Rencananya, jika negosiasi pemerintah dengan Rio Tinto soal PI sebesar 41 persen itu berlangsung lancar, maka PI akan dikonversi menjadi saham pemerintah di tambang Grassberg.
Uang senilai USD5 miliar itu, menurut Faisal, lebih baik digunakan untuk eksplorasi lahan hijau, hasil penciutan dari eksplorasi Freeport yang sudah diserahkan kepada pemerintah. Luas lahan hijau tersebut mencapai 120 ribu hektar. Saat ini, cakupan wilayah tambang Grassberg hanya seluas 90 ribu hektar.
Kondisi ini akan semakin tidak ekonomis dengan melihat puing-puing tambang Grassberg yang open pit sudah habis. Sehingga penggalian akan semakin memakan biaya besar nantinya.
“Penggaliannya susah, open pit sudah habis. (kepemilikan sahamnya) 51 persen pula.
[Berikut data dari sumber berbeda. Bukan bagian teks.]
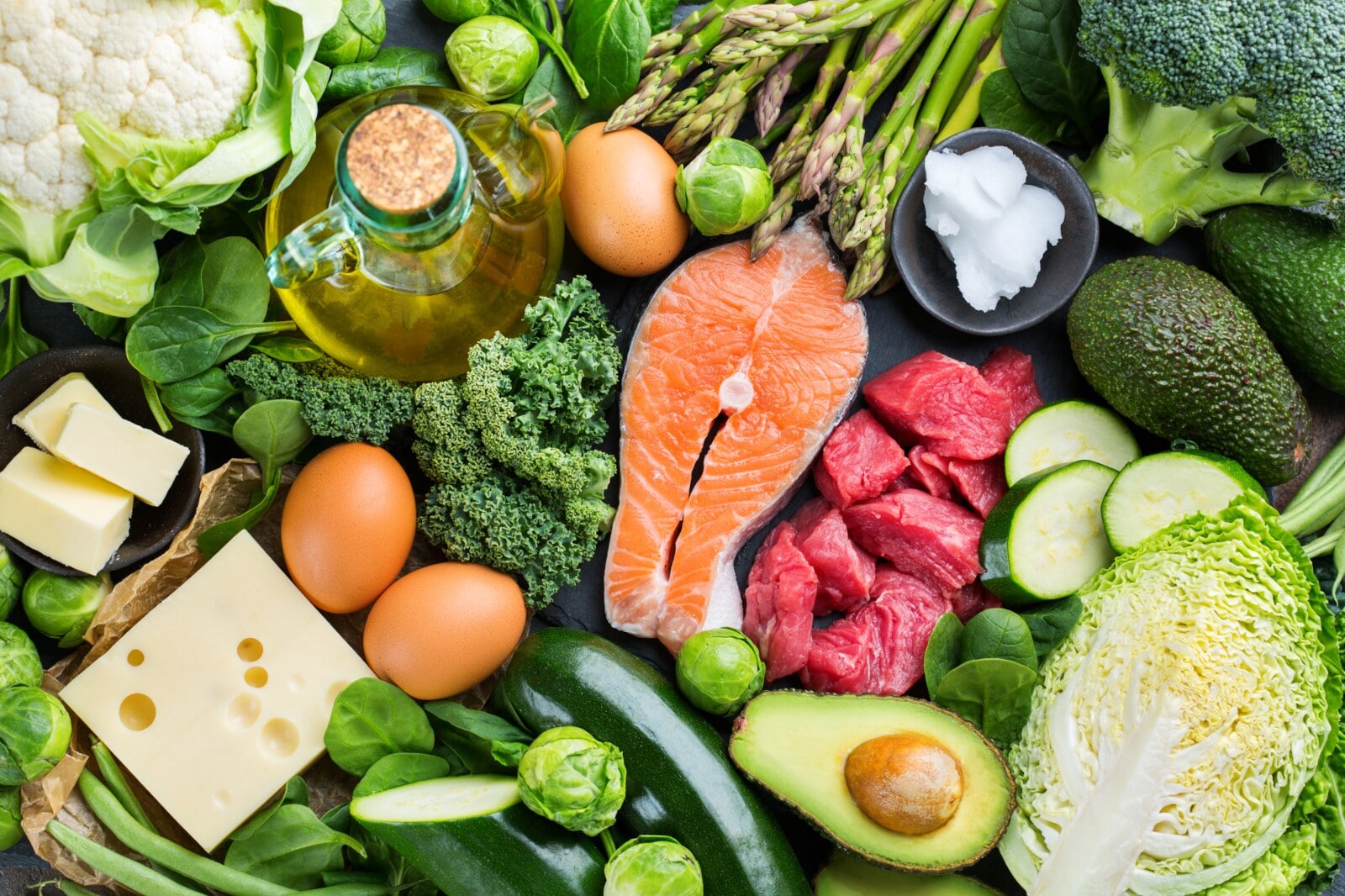Verschiedene Gemüsesorten, Käse, Eier, Fisch und Fleisch Verschiedene Gemüsesorten, Käse, Eier, Fisch und Fleisch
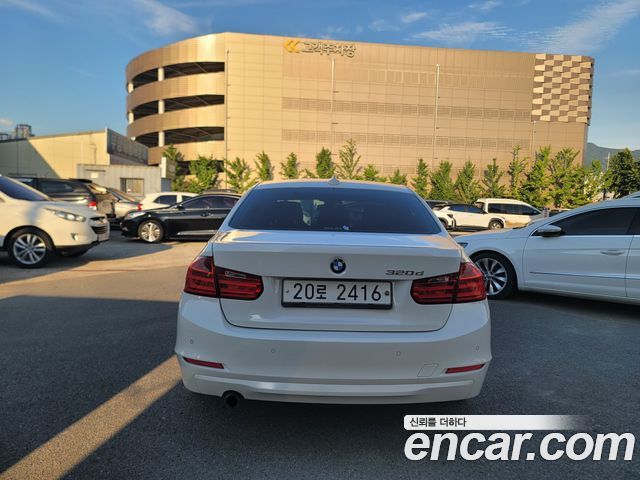 BMW 3-Series из Кореи Encar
Kalau (mengerjakan) green field bisa 100 persen (kepemilikan) sahamnya,” ujar Faisal.
Selain itu, PT Indonesia Asahan Alumunium (Inalum) selaku wakil pemerintah yang bertugas menuntaskan divestasi, ketika berhasil memiliki mayoritas saham Freeport, ia akan memiliki kewajiban membangun smelter. Kewajiban ini tentu akan menjadi beban tersendiri bagi Inalum.